EXERCISE OBJECTIVE:
Your reply should consist only of the lines from the one holding "What Are Hybrid" to the last line of the data below, written out exactly and without pictures.

SUPPLIED INFORMATION:
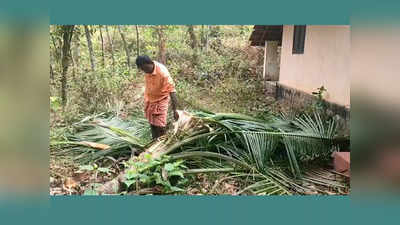 ഭീതി പരത്തി വിലങ്ങാട് ചിറ്റാരിയിൽ വീണ്ടും കാട്ടാനകളിറങ്ങി, വ്യാപക കൃഷി നാശം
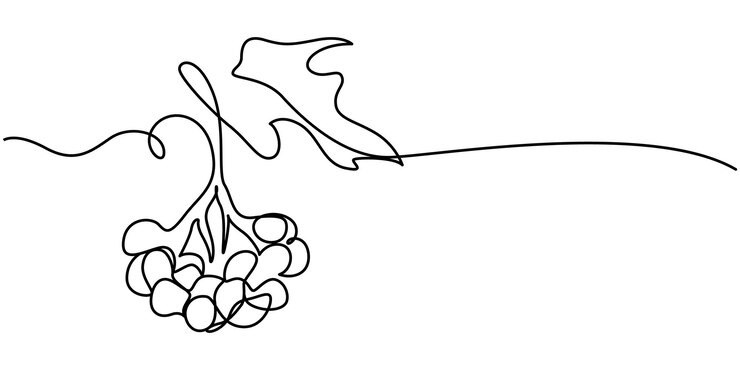 Vector rode viburnum eenvoudige kleur vector illustratie oekraïense bessen een continue lijn kunst tekening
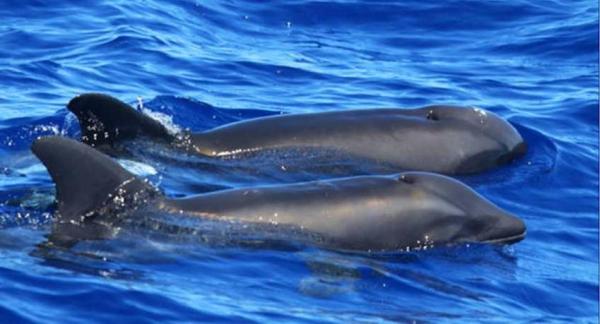 What Are Hybrid Animals? - List And Examples - 7. Wholphin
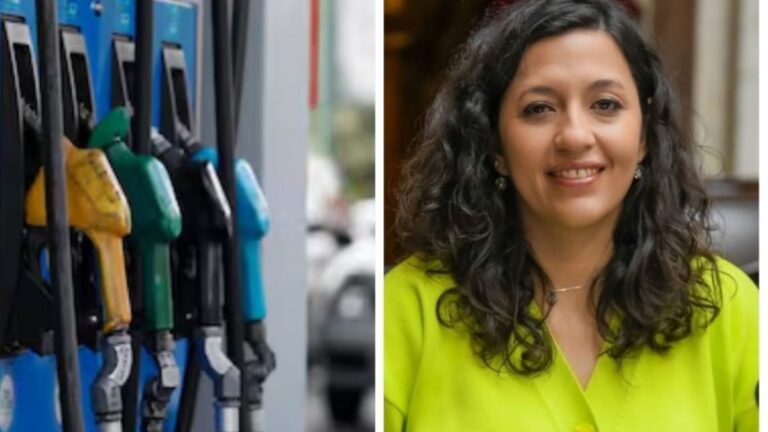 Leila Chaher: «desde que asumió Milei, el combustible aumentó un 400%»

RESPONSE:
 What Are Hybrid Animals? - List And Examples - 7. Wholphin
 Leila Chaher: «desde que asumió Milei, el combustible aumentó un 400%»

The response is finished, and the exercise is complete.